The transmission spectrum of exoplanet WASP-39 b, based on a single set of measurements made using Webb’s Near-Infrared Spectrograph and analysed by dozens of scientists, represents a hat trick of firsts: Webb’s first official scientific observation of an exoplanet; the first detailed exoplanet spectrum covering this range of near-infrared colours; and the first indisputable evidence for carbon dioxide in the atmosphere of a planet orbiting a distant star.

The results accepted for publication in Nature, are indicative of Webb’s ability to spot key molecules like carbon dioxide in a wide variety of exoplanets – including smaller, cooler, rocky planets – providing insights into the composition, formation, and evolution of planets across the galaxy.

PhD student Eva-Maria Ahrer, from the University of Warwick, Centre for Exoplanets and Habitability, who contributed to the development of the data analysis methods used in the detection, said: “This result is incredibly exciting; detecting this carbon dioxide feature so clearly in the atmosphere of WASP-39b is astonishing. It was an emotional and exhilarating moment for me when we had our first meeting after the data came down, seeing the transmission spectrum for the first time and all the hard work of our scientific collaboration coming together.”

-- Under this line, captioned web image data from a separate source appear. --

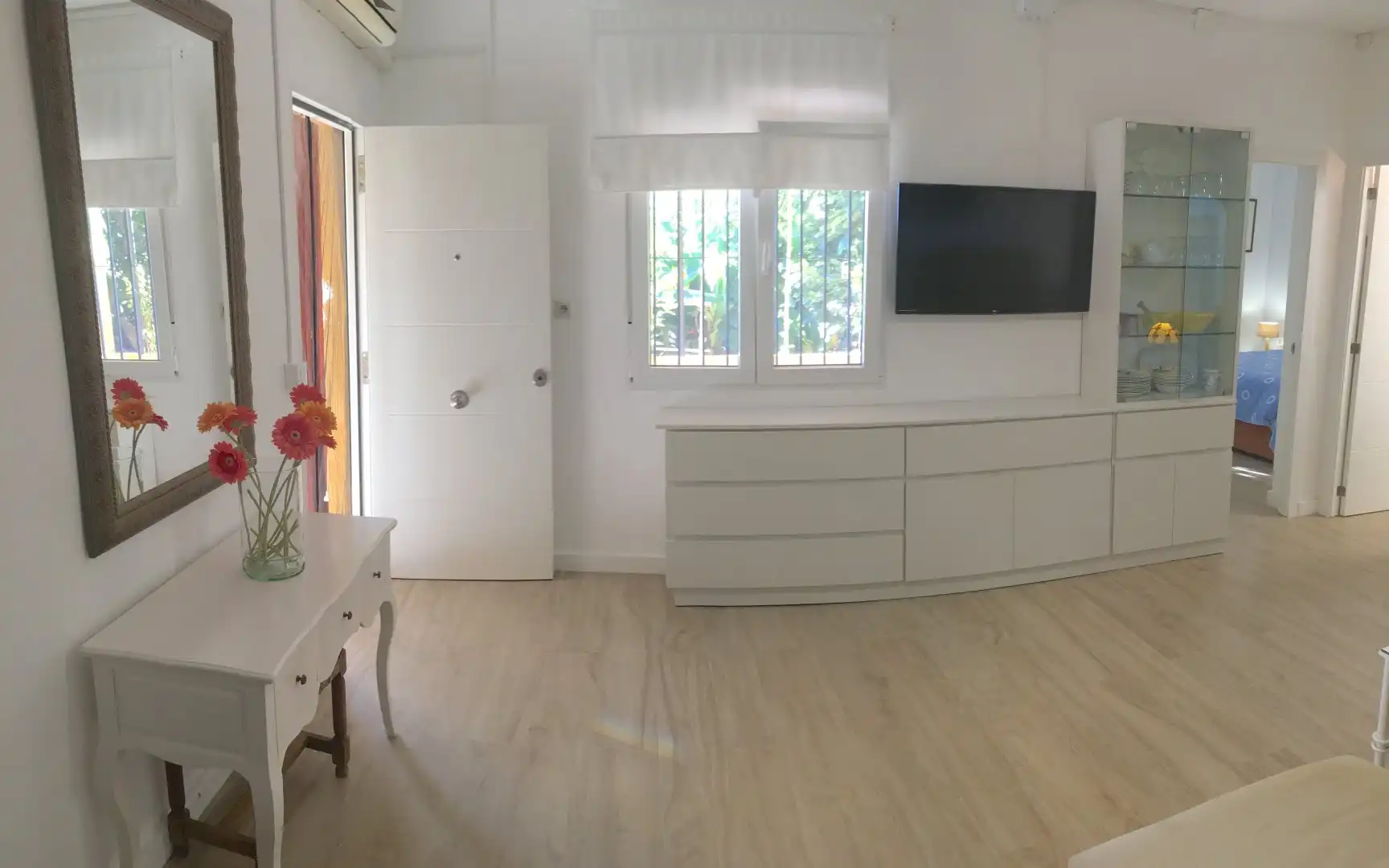 Casa rústica en venda a Monte los Almendros - El Pargo - Costa Aguilera, imagen 19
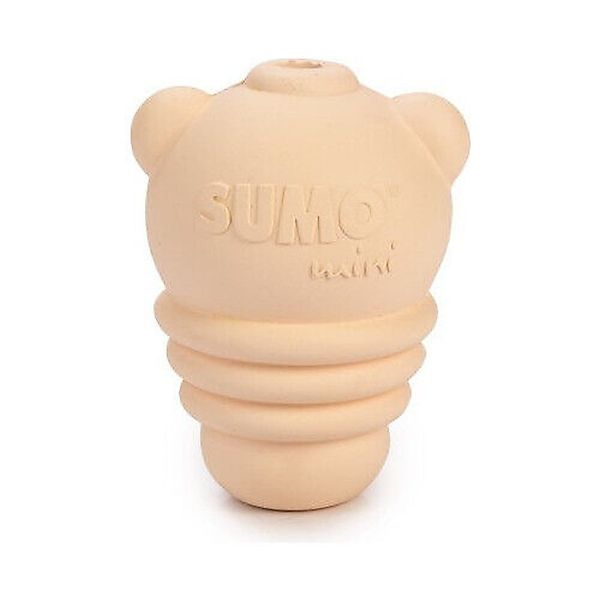 Beeztees Spielknochen Puppy Welpen Spielzeug SUMO günstig online kaufen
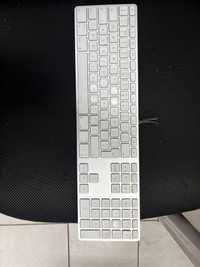 Tastatura Apple originala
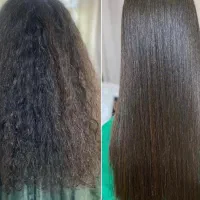 انجام خدمات کراتین و آموزش کراتین|خدمات آموزشی|یزد, |دیوار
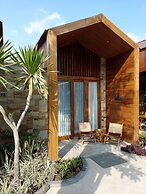 Batatu Resort - Adults Only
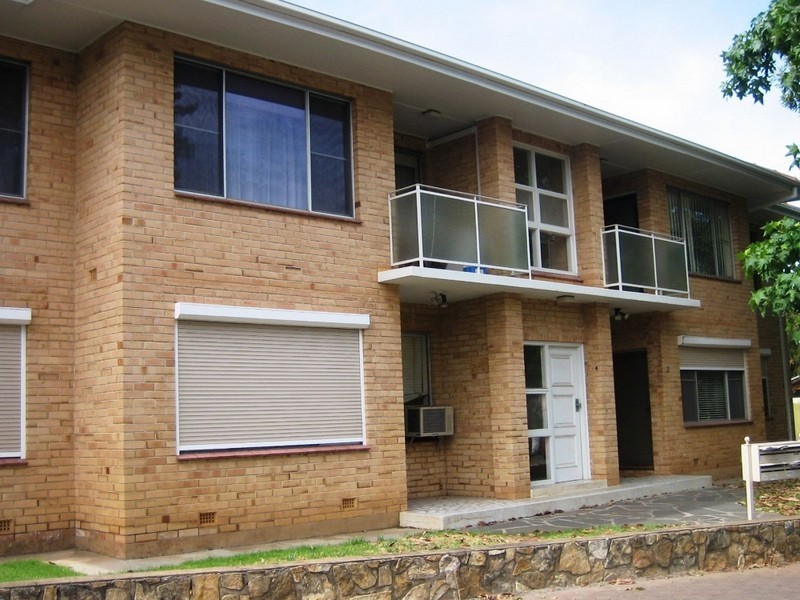 4/1a Florence Street, Fullarton SA 5063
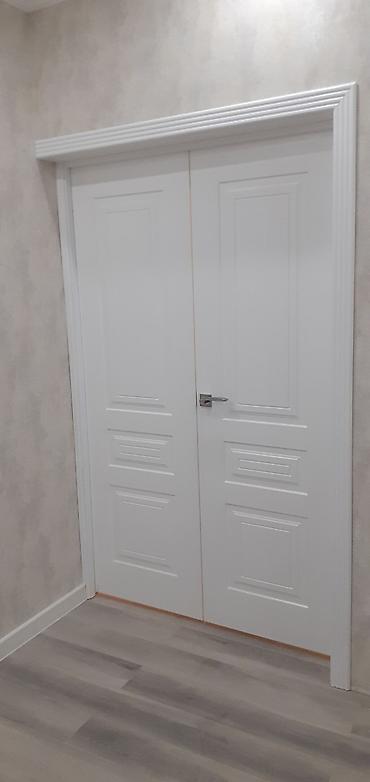 Другие услуги: Эшик орнотуу/Установка дверей Добор орнотуу/Установка доборов Замок at lalafo.kg — 18 Другие услуги: Эшик орнотуу/Установка дверей Добор орнотуу/Установка доборов Замок — 18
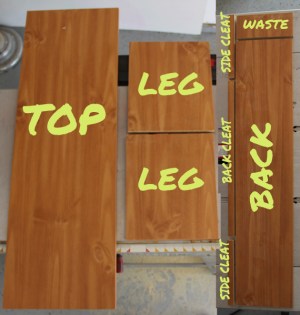 StandingDesk_1_Parts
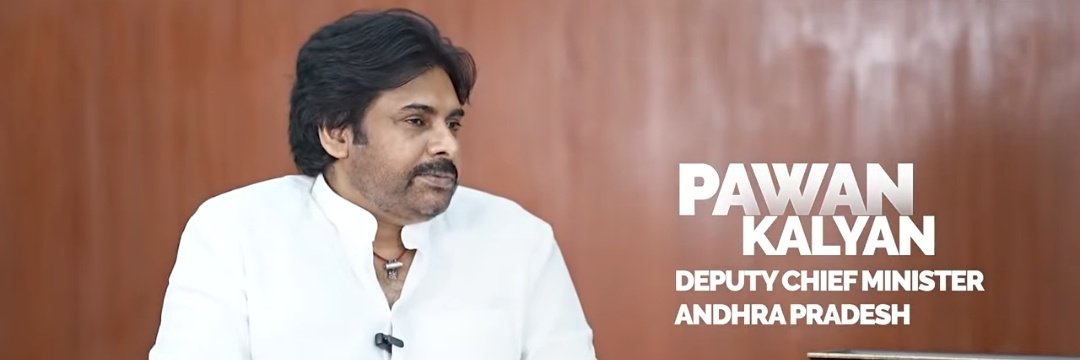 Header Updated 
<a href="/PawanKalyan/">Pawan Kalyan</a> ❤️

#PawanKalyanAneNenu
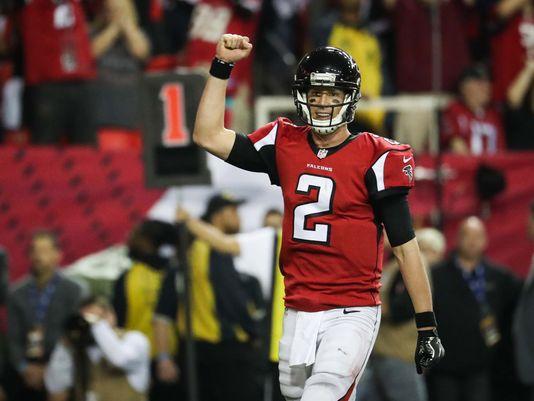 10 story lines to watch for Patriots, Falcons in Super Bowl LI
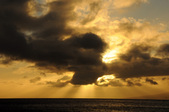 Enlarge photo 206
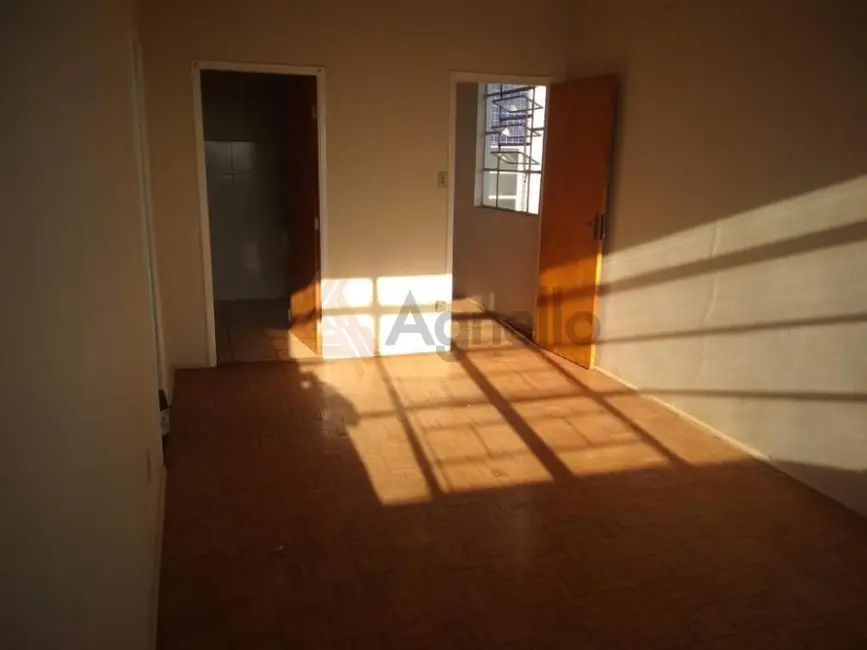 Foto 8 de Apartamento com 2 quartos à venda, 108m2 em Centro, Franca - SP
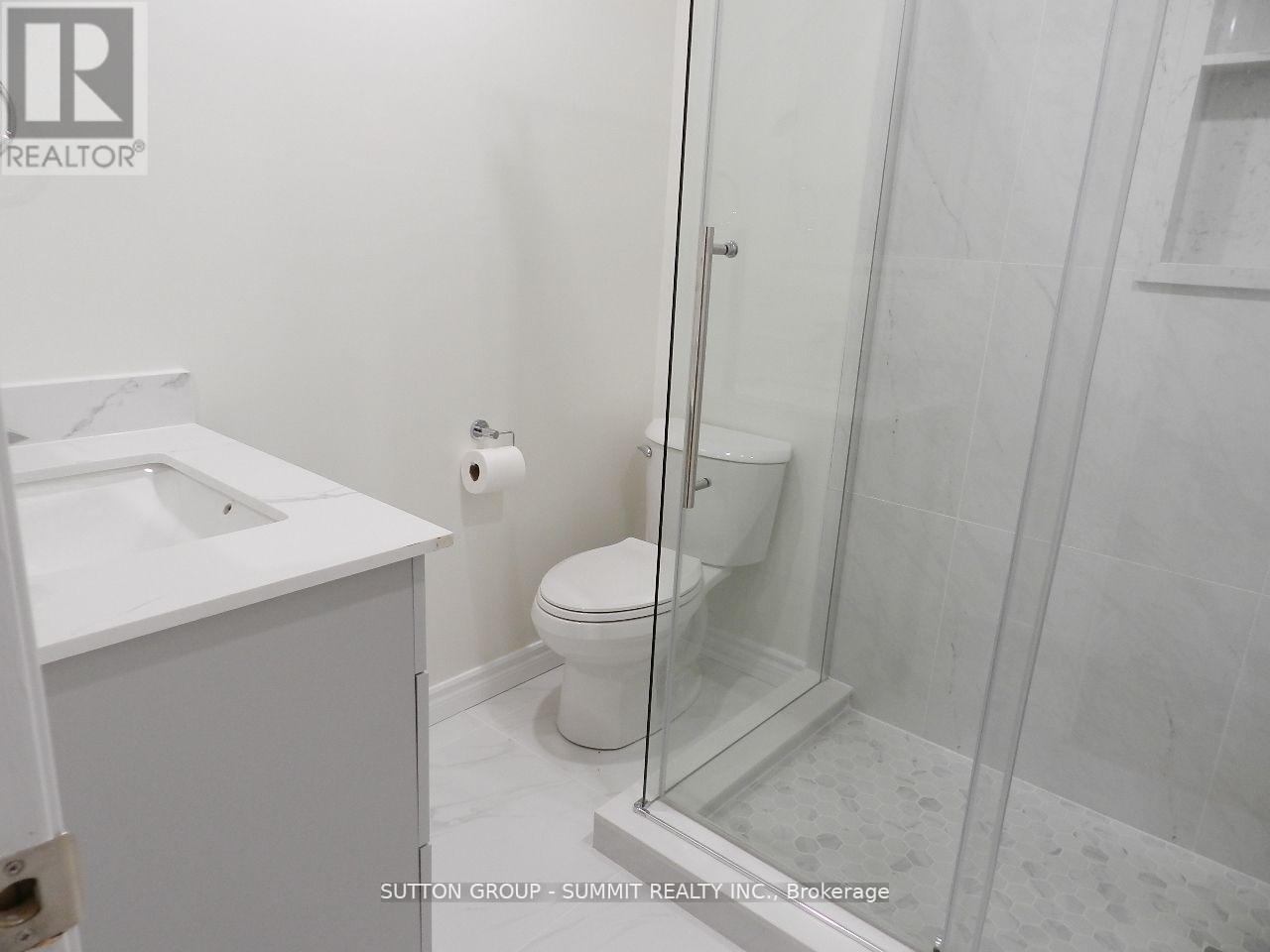 Main - 3117 Corrigan Drive, Mississauga, Ontario  L4Y 3C5 - Photo 11 - W12780012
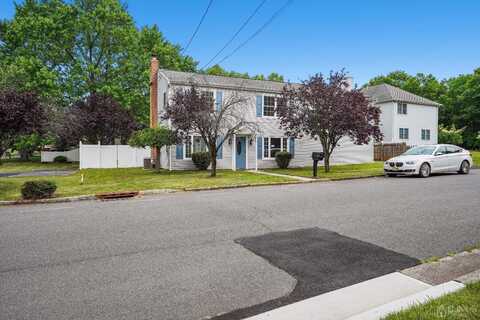 431-431 Garfield Avenue, South Plainfield, NJ 07080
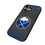 Buffalo Sabres Linen Bump Phone Case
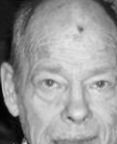 Jerry Dee Edmonds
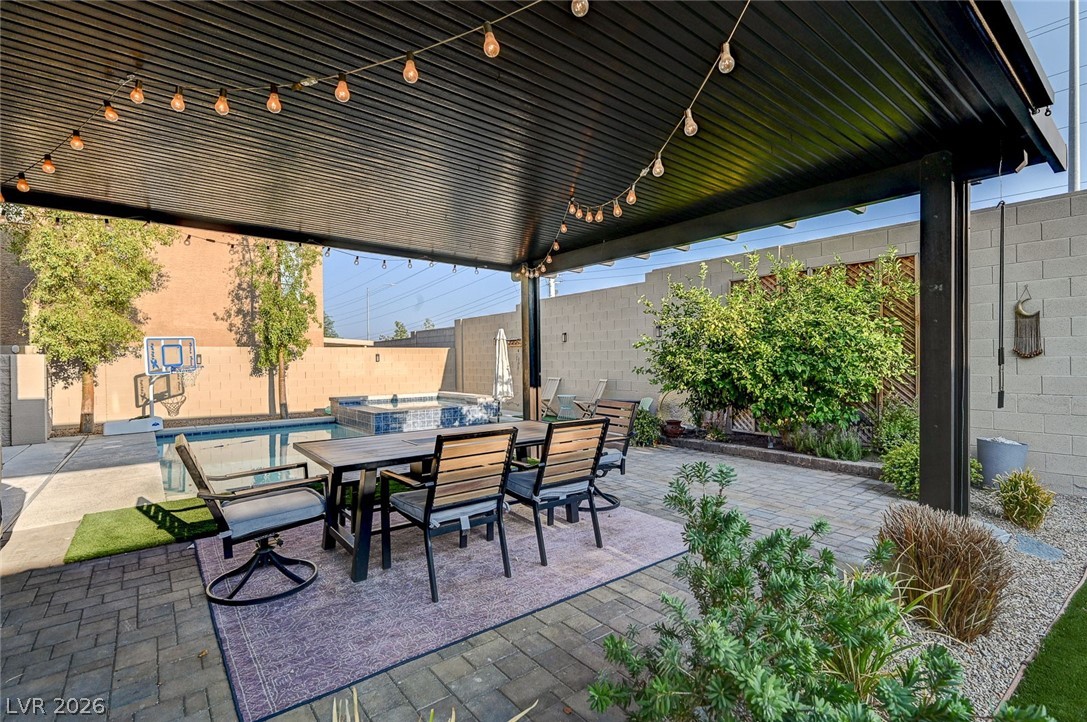 1371 Bear Brook Avenue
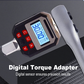 Digital vridmomentadapter
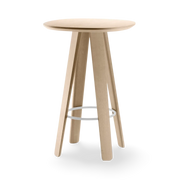 Triku Bistro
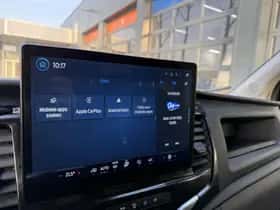 Ford Transit (2024) thumbnail 13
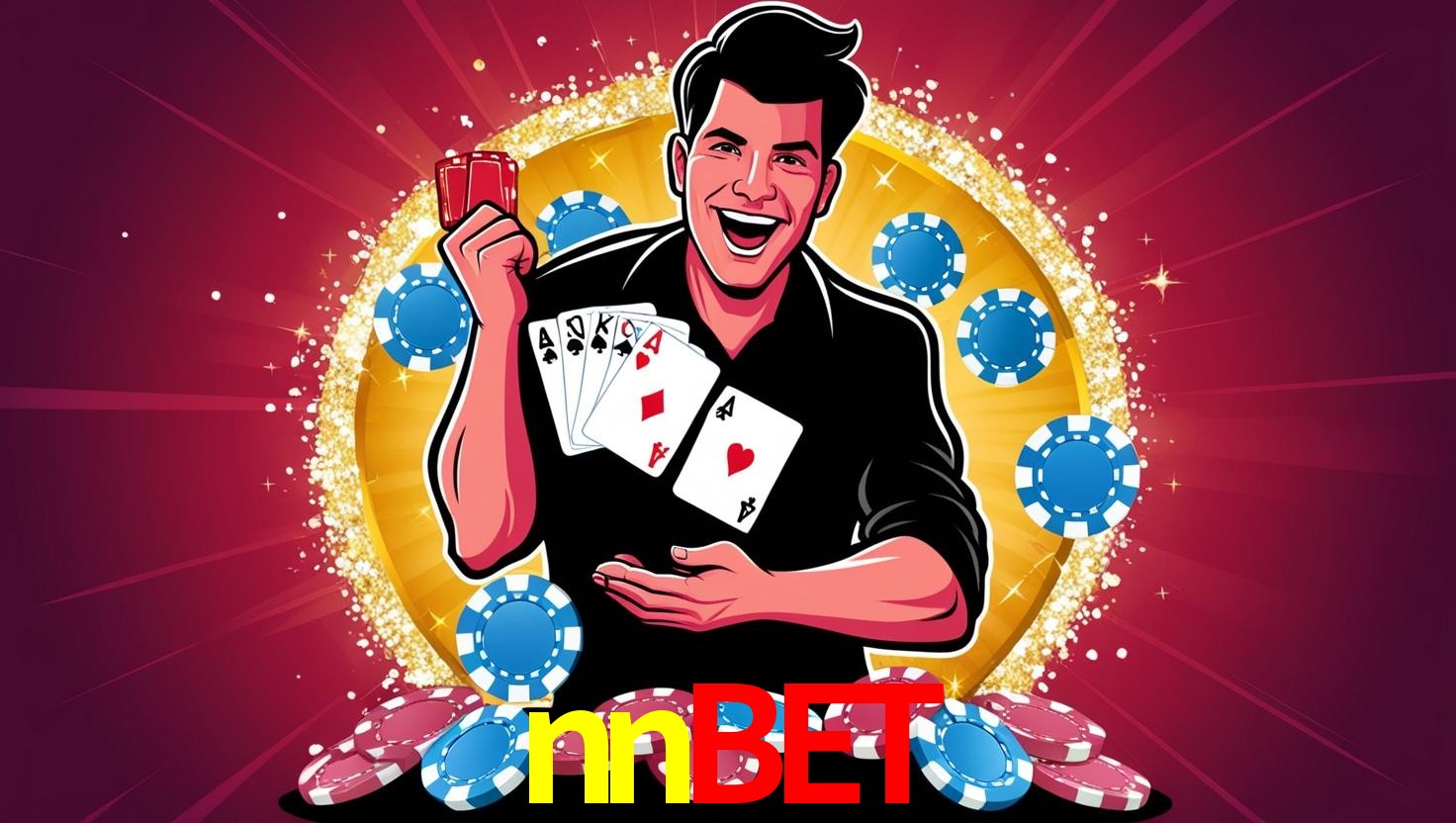 NNBET.COM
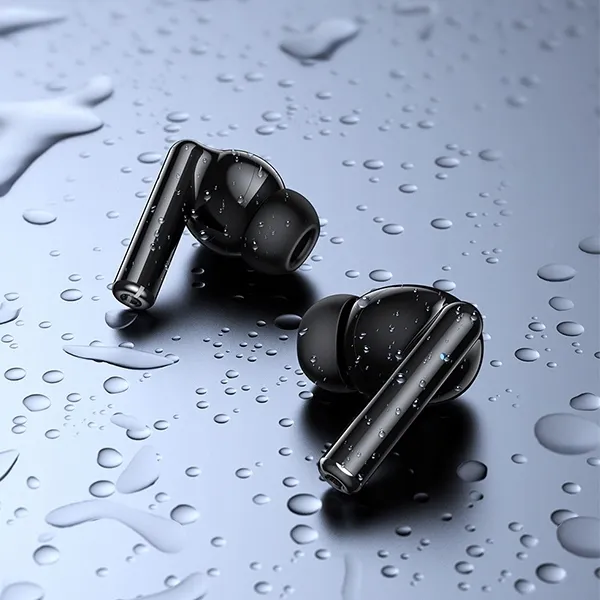 awei-sluchawki-bluetooth-5-3-t61-tws-stacja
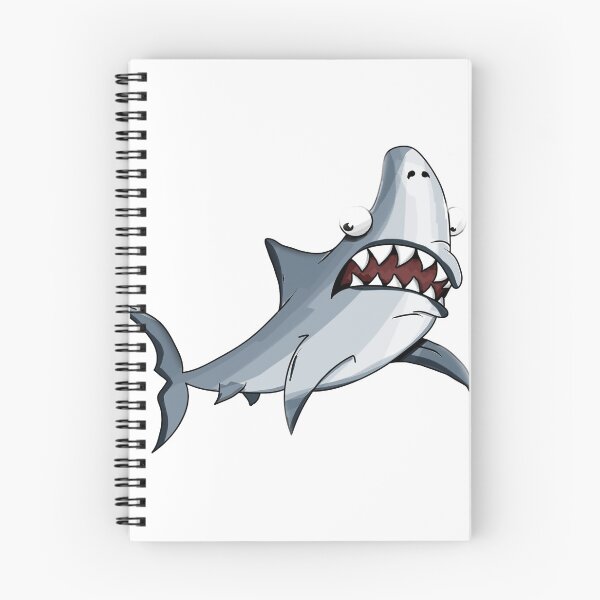 Item preview, Shark Teeth designed and sold by 14Smith15.
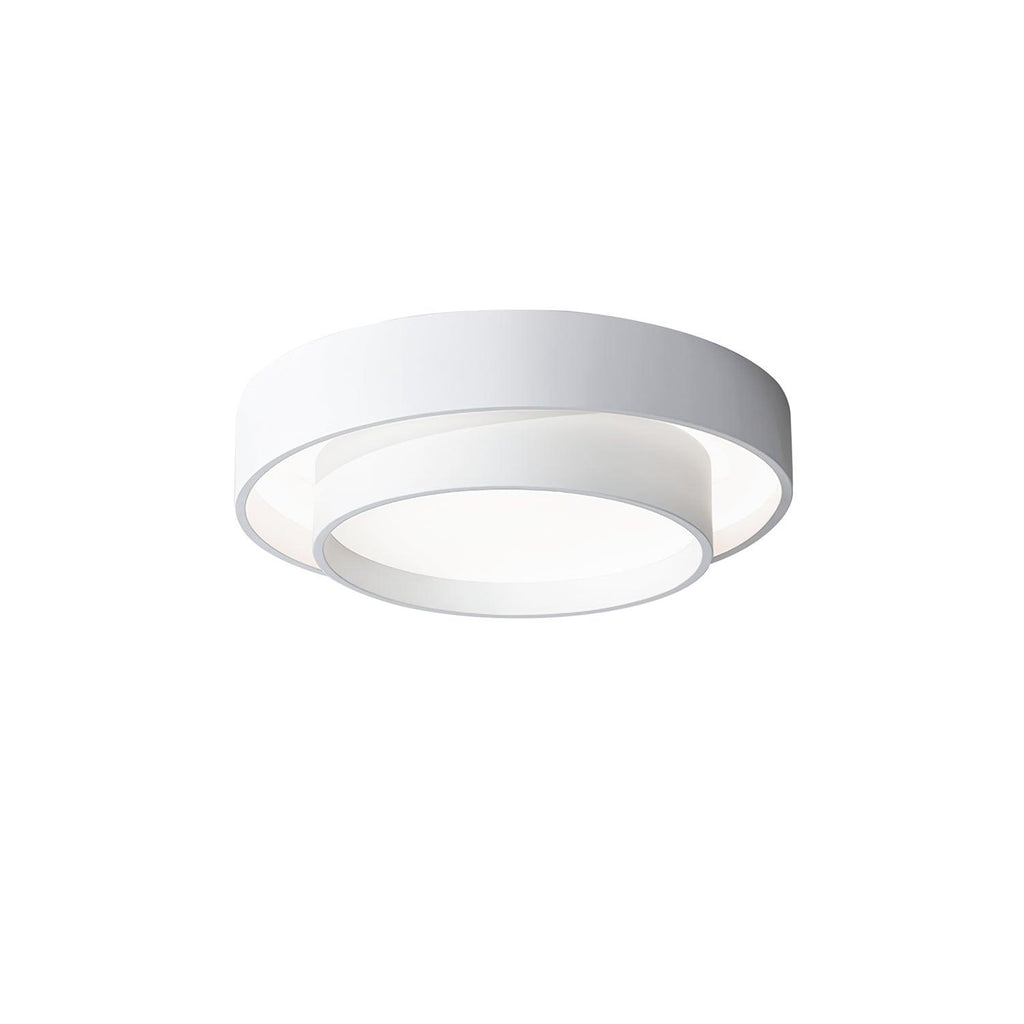 Melody | Luminaire de Plafond | Valuna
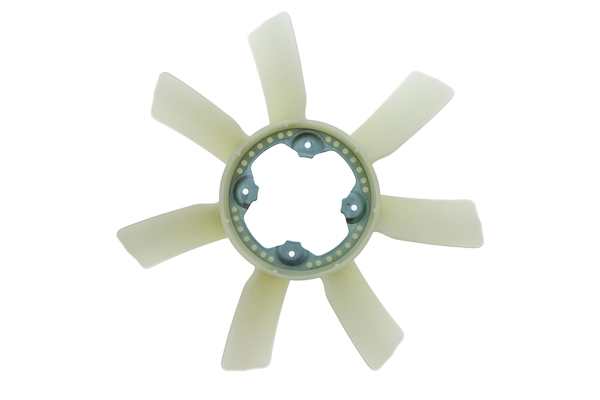 Paleta ventilator racire motor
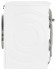 Стиральная машина Bosch WAT 28541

Her colleague at the University of Warwick, Professor Peter Wheatley, Centre for Exoplanets and Habitability, added “It is particularly exciting for us that this first detection was made in the atmosphere of WASP-39b, since we discovered this planet in 2011 using the UK-led SuperWASP telescopes. WASP-39b is a hot planet located very close to its parent star, with a temperature of 900 degrees Celsius, leading to a puffy atmosphere that makes it an excellent target for JWST. The planet has a volume more than twice that of Jupiter, but only a quarter of its mass, making it nine times less dense.”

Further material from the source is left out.